We typically also test browsers with the SunSpider JavaScript benchmark, but Opera Mini failed that one too. It executes JavaScript actions on the server side, which stalled the test.

We had a phase where pages refused to load over Wi-Fi or 3G, but this seems to have sorted itself out. From our use, Opera Mini is noticeably faster than Safari, even over Wi-Fi. It loads pictures lightning-fast, and leaves Safari standing when clicking back through your history. Google results, meanwhile, load practically before you've decided what you want to search for.
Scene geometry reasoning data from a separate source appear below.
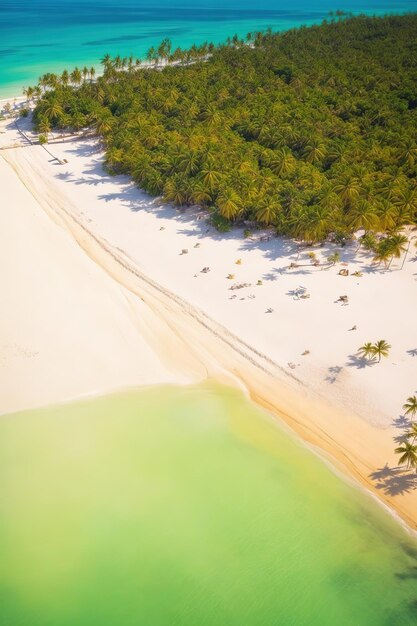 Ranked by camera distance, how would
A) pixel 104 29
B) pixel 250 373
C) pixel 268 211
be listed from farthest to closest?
pixel 104 29 → pixel 268 211 → pixel 250 373

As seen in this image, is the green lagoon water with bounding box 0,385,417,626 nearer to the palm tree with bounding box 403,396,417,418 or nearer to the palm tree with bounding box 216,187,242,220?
the palm tree with bounding box 403,396,417,418

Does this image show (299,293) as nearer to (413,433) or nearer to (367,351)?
(367,351)

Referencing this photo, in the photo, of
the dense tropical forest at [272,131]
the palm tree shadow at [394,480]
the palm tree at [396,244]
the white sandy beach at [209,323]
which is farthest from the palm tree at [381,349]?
the dense tropical forest at [272,131]

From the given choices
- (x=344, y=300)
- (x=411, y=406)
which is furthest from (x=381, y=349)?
(x=344, y=300)

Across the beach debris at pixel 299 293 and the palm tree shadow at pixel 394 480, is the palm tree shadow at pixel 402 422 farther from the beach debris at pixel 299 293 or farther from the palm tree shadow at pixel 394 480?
the beach debris at pixel 299 293

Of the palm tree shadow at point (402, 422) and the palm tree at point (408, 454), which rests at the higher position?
the palm tree at point (408, 454)

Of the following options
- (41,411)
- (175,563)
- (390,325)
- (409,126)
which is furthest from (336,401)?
(409,126) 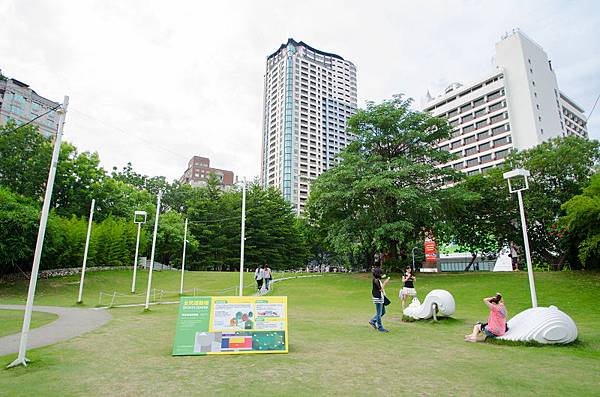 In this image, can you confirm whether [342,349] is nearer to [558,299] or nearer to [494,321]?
[494,321]

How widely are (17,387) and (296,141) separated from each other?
116650 mm

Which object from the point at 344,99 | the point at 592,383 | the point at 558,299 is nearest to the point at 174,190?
the point at 558,299

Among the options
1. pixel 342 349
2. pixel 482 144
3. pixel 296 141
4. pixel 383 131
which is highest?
pixel 296 141

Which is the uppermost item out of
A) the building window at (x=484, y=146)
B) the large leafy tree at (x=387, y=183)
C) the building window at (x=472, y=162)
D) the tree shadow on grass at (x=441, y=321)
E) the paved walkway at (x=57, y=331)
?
the building window at (x=484, y=146)

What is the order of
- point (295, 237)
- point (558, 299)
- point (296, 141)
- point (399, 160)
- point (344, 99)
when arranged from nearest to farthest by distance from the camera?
point (558, 299) < point (399, 160) < point (295, 237) < point (296, 141) < point (344, 99)

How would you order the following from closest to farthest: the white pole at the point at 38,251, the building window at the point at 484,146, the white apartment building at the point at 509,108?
the white pole at the point at 38,251 < the white apartment building at the point at 509,108 < the building window at the point at 484,146

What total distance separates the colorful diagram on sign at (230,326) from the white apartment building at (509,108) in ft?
203

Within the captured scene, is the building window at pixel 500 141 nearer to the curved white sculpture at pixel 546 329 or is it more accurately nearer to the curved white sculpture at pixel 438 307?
the curved white sculpture at pixel 438 307

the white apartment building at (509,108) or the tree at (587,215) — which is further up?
the white apartment building at (509,108)

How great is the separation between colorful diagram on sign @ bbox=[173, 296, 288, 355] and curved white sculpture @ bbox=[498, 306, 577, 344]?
5.68 metres

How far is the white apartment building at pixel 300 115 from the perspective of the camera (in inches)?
4628

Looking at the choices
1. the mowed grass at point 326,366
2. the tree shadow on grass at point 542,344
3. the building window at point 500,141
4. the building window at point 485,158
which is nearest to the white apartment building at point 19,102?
the mowed grass at point 326,366

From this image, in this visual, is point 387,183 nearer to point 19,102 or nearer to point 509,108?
point 509,108

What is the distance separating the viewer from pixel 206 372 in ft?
20.0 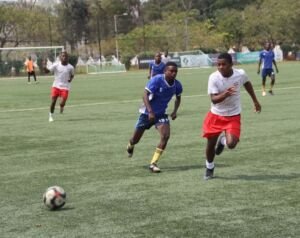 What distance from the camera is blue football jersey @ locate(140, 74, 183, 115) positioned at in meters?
10.1

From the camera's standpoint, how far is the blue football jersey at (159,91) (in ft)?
33.1

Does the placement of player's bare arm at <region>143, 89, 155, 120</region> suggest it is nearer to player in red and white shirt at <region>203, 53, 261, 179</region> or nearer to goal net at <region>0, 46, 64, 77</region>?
player in red and white shirt at <region>203, 53, 261, 179</region>

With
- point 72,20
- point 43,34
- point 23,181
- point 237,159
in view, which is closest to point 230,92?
point 237,159

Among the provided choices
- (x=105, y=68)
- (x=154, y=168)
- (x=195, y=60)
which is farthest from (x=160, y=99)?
(x=195, y=60)

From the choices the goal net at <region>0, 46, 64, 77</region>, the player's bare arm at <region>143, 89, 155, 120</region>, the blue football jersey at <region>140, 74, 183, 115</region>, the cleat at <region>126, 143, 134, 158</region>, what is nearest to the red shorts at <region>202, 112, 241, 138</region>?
the player's bare arm at <region>143, 89, 155, 120</region>

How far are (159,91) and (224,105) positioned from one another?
1411mm

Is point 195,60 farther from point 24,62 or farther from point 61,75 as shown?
point 61,75

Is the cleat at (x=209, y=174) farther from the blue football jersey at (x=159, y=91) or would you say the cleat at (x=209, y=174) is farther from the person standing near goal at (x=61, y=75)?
the person standing near goal at (x=61, y=75)

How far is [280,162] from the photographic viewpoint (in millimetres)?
10188

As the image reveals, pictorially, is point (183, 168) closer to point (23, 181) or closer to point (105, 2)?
point (23, 181)

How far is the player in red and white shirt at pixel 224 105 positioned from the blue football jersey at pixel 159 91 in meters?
1.25

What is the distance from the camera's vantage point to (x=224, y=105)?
9.00 m

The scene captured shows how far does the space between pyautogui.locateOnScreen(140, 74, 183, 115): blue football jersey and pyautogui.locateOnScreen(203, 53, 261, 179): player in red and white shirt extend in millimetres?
1254

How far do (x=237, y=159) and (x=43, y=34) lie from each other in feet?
258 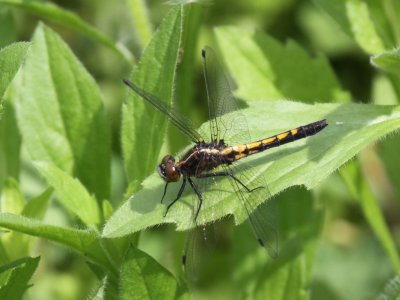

Opera Mini also offers a bunch of cool features. Speed dial puts your favourite sites on your home screen. Sites can be saved for later viewing and there's one-click access to your history, a much-missed feature from Safari. The task bar can be hidden to increase real estate, leaving just a semi-transparent back button and toggle for the task and navigation bars. The mini tab bar is a neater solution than Safari's multiple-page solution.

Pinch punch

Despite all this, we're not ready yet to put Opera on our home screen, for one simple reason: multi-touch zoom. You tap to zoom in, and double-tap to zoom out, but only from a clunky wide view with unreadable text to an extreme close-up that's hard to see where you are on the page. It's not very subtle and not a patch on Safari's sublime pinching, zooming motion.

Apart from that, the glitches were minor. Amusingly, Facebook's mobile site spotted that the data was coming from Opera's servers in Norway and blocked us, thinking a pesky Norwegian hacker was trying to get at those embarrassing photos from mad Uncle Teddy's house party. We had to unblock our account on a proper computer.

The fat lady

It remains to be seen whether Opera Mini is the trojan horse of the app world, breaking down the gates for other apps to flood the iPhone's ramparts. For now, it's a speedy and fully featured alternative to Safari.